__TASK OBJECTIVE__.
Further down are entries; set down exactly and only the lines from the one with "POLSTERBETT Quadro 160x200" up to and including the one with "tem Vögele SUPER 1800-5 X đời 2026", dropping each picture.

__SUPPLIED ENTRIES__.
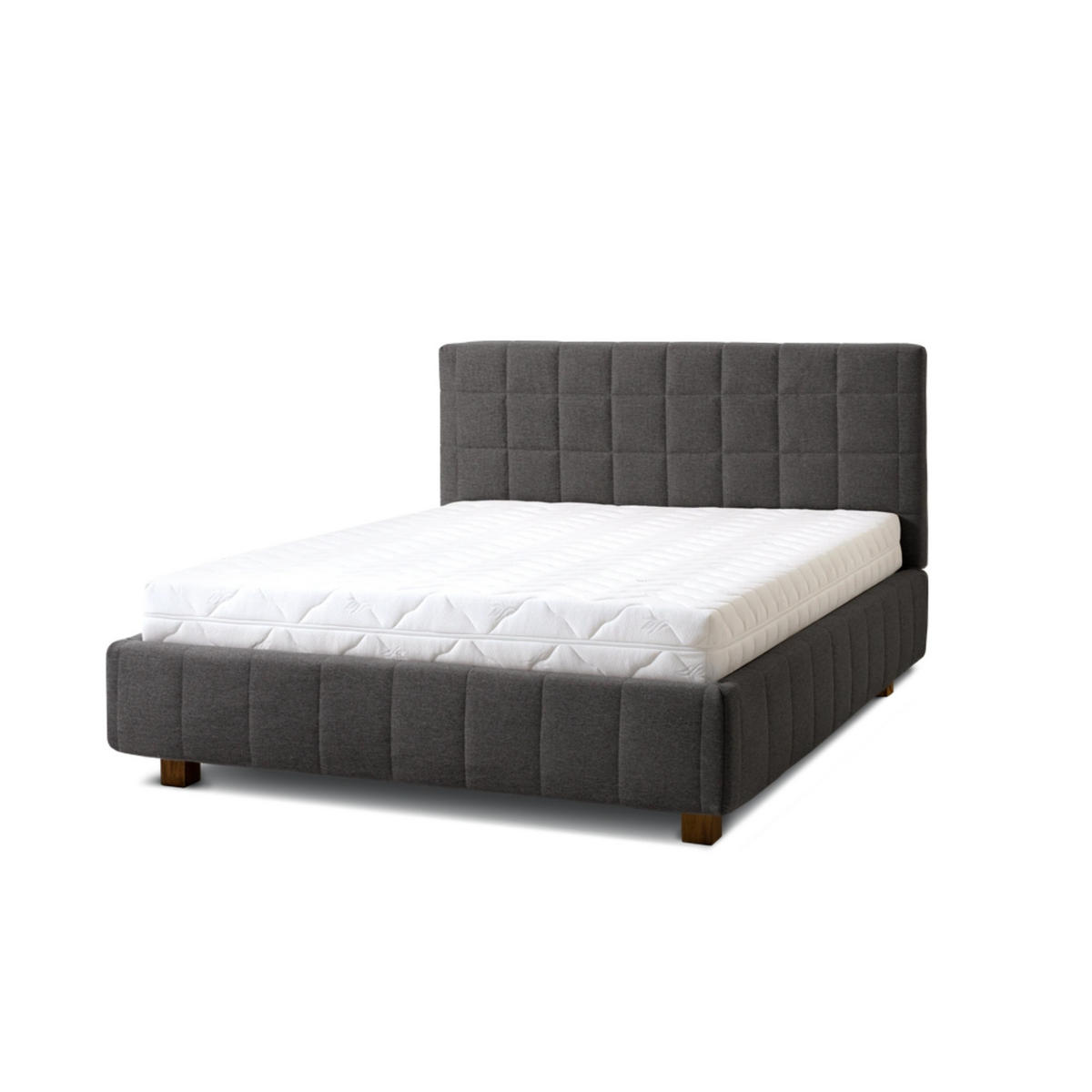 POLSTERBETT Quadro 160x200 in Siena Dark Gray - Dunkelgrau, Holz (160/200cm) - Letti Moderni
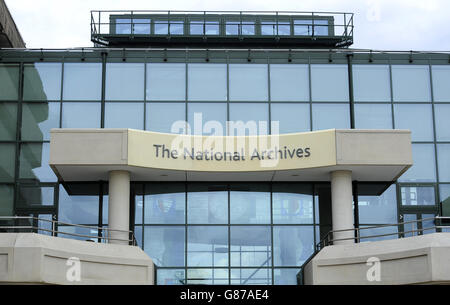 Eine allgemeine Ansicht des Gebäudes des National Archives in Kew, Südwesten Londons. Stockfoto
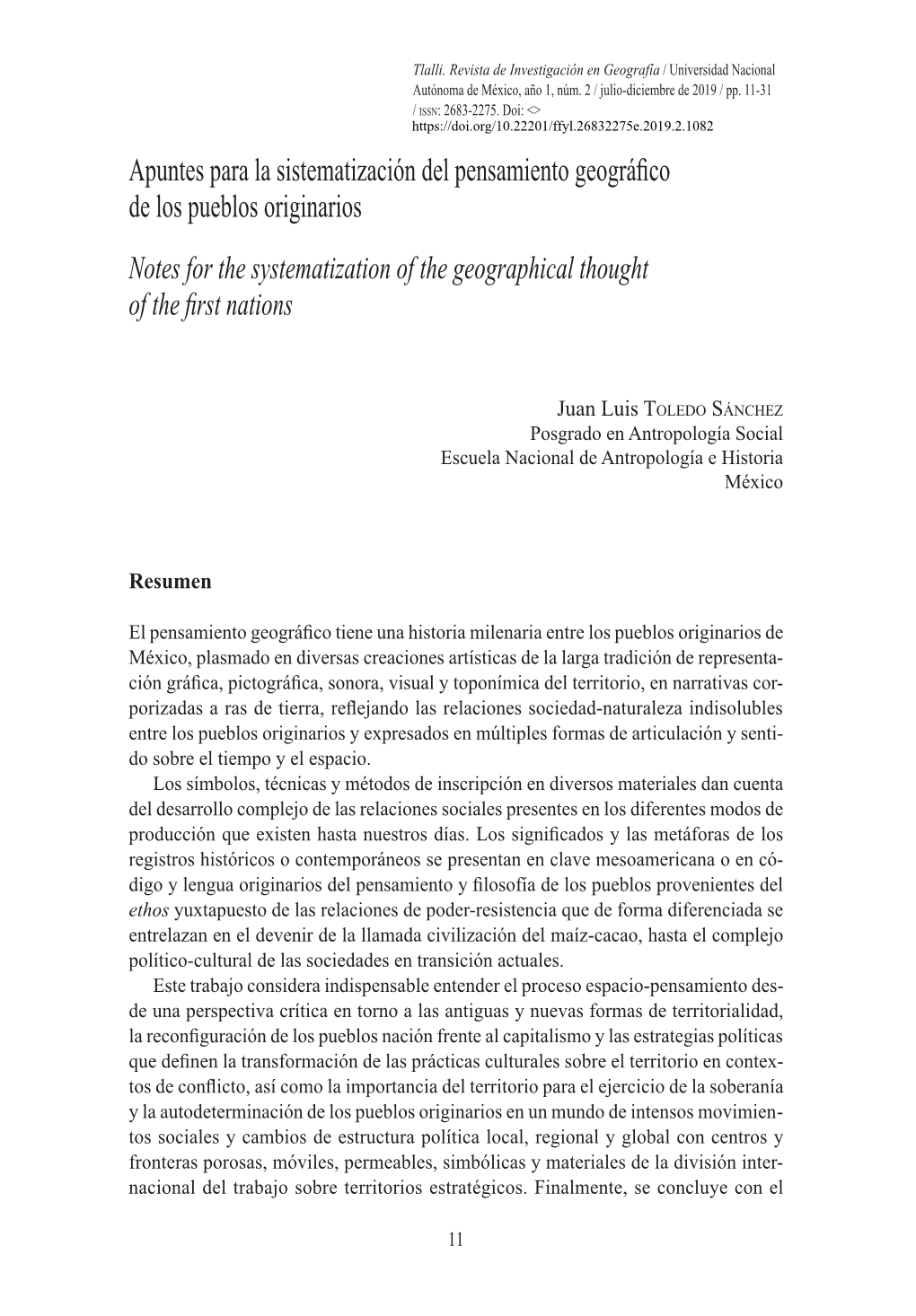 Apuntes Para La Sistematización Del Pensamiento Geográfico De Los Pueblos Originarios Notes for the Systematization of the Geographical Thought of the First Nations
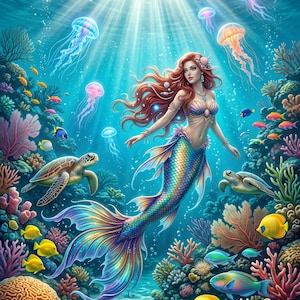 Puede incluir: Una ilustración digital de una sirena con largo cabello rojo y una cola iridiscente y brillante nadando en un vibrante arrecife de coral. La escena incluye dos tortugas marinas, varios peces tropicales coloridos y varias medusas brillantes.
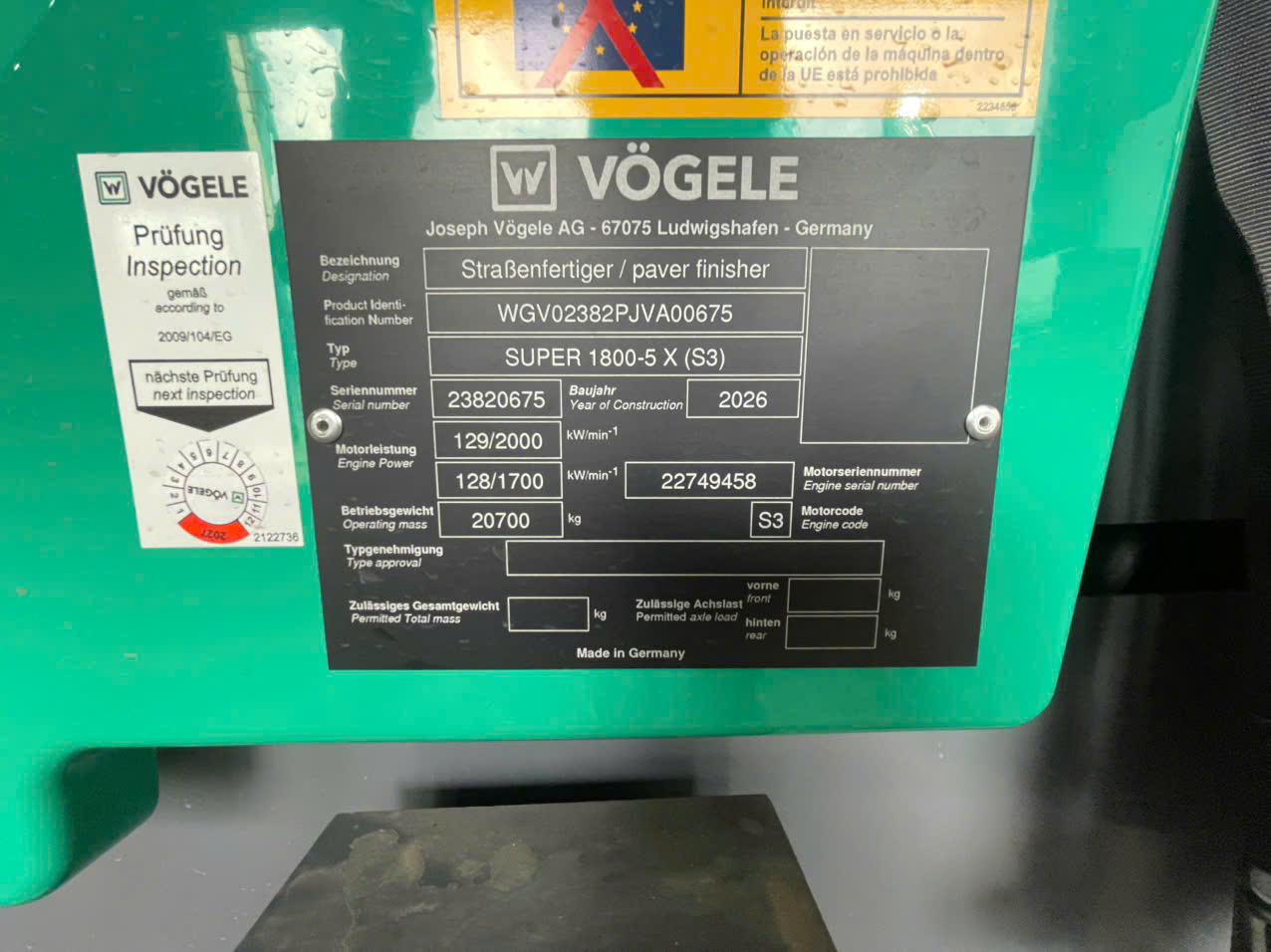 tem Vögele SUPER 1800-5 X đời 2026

--

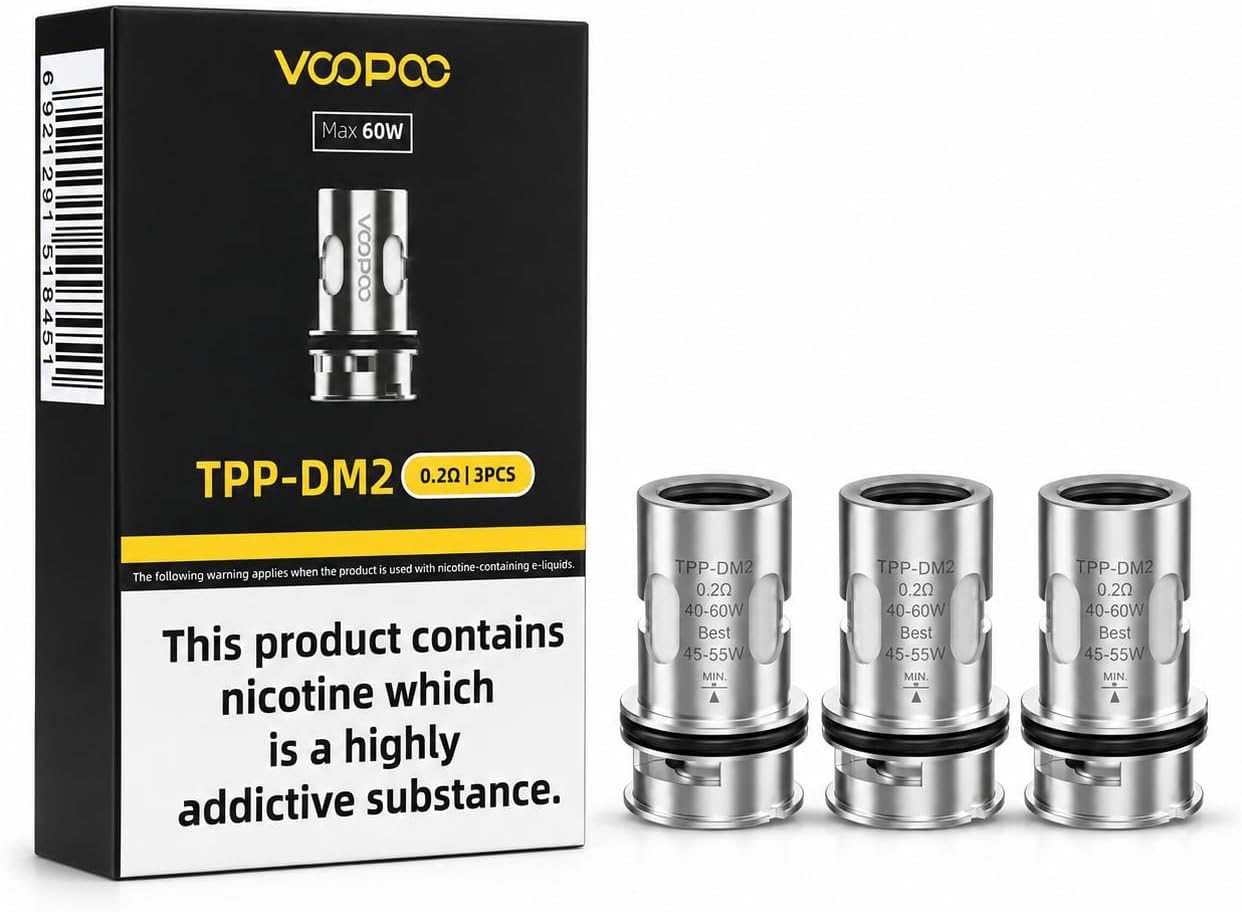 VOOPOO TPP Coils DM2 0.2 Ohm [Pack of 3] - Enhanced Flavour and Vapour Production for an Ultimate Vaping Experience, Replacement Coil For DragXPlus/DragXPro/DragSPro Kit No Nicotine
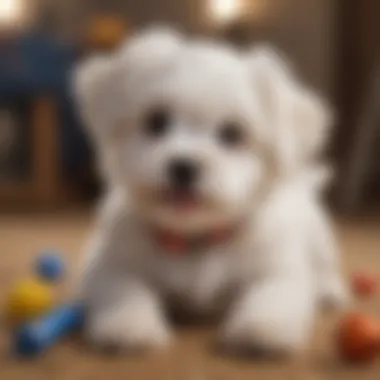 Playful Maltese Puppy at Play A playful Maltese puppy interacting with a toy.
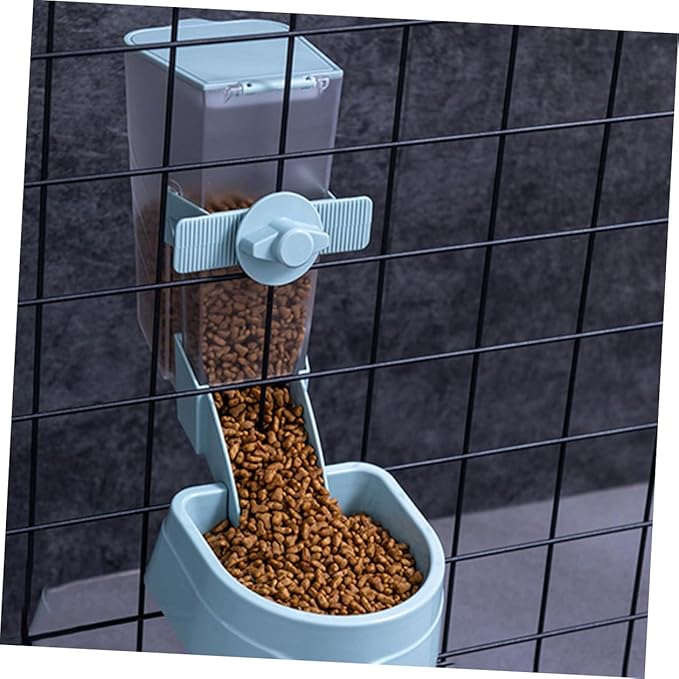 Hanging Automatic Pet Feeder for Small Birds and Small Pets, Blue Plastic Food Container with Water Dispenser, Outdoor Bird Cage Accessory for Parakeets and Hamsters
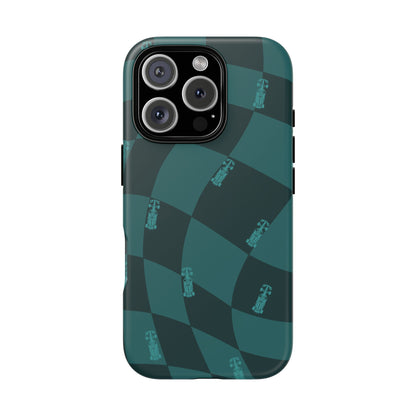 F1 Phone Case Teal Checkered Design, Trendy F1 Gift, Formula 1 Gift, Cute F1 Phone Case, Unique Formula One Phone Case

--

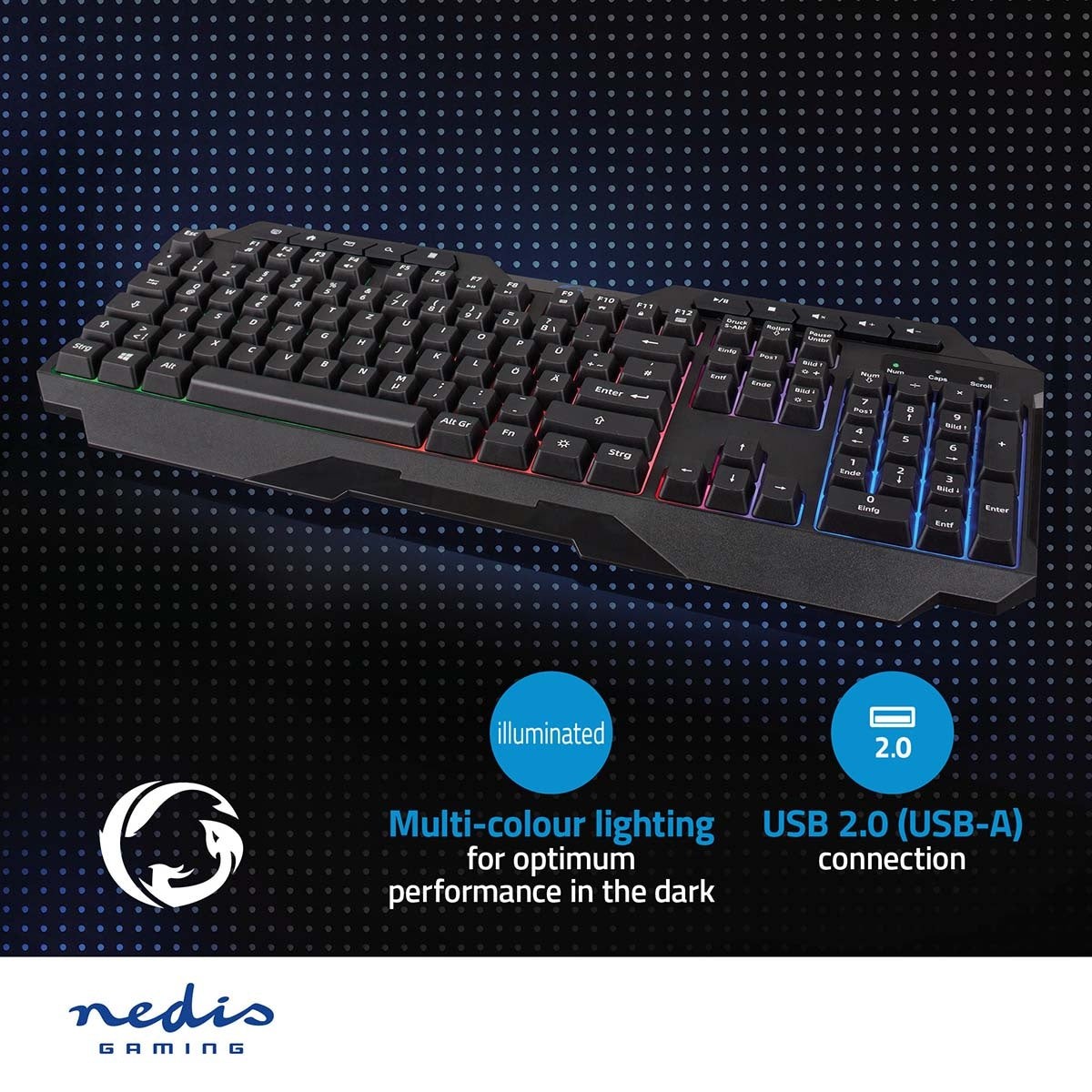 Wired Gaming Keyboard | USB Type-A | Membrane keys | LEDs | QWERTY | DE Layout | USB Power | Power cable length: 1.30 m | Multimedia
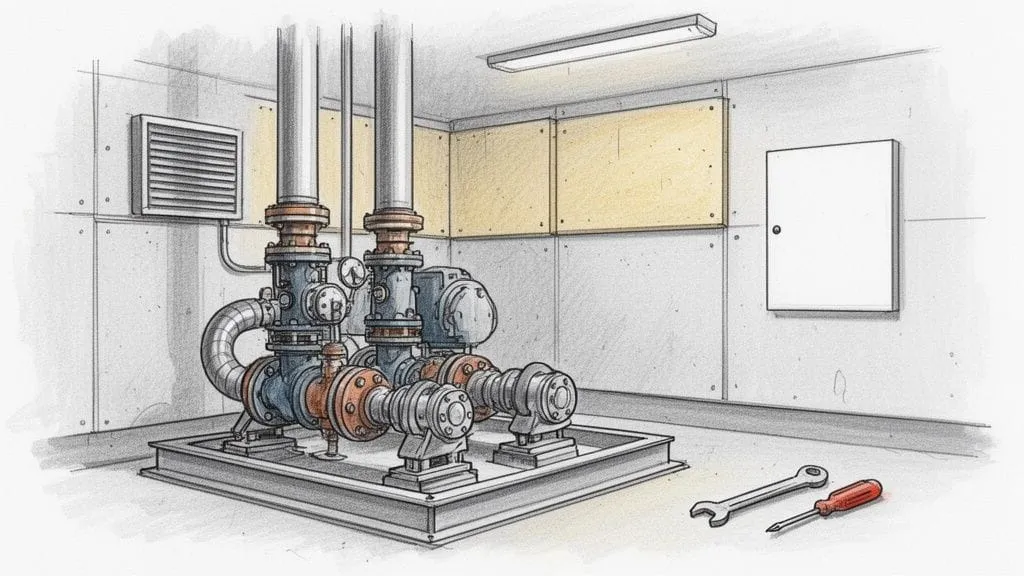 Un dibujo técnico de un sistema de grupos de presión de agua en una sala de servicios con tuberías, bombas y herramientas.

__RESULT__.
 POLSTERBETT Quadro 160x200 in Siena Dark Gray - Dunkelgrau, Holz (160/200cm) - Letti Moderni
 Eine allgemeine Ansicht des Gebäudes des National Archives in Kew, Südwesten Londons. Stockfoto
 Apuntes Para La Sistematización Del Pensamiento Geográfico De Los Pueblos Originarios Notes for the Systematization of the Geographical Thought of the First Nations
 Puede incluir: Una ilustración digital de una sirena con largo cabello rojo y una cola iridiscente y brillante nadando en un vibrante arrecife de coral. La escena incluye dos tortugas marinas, varios peces tropicales coloridos y varias medusas brillantes.
 tem Vögele SUPER 1800-5 X đời 2026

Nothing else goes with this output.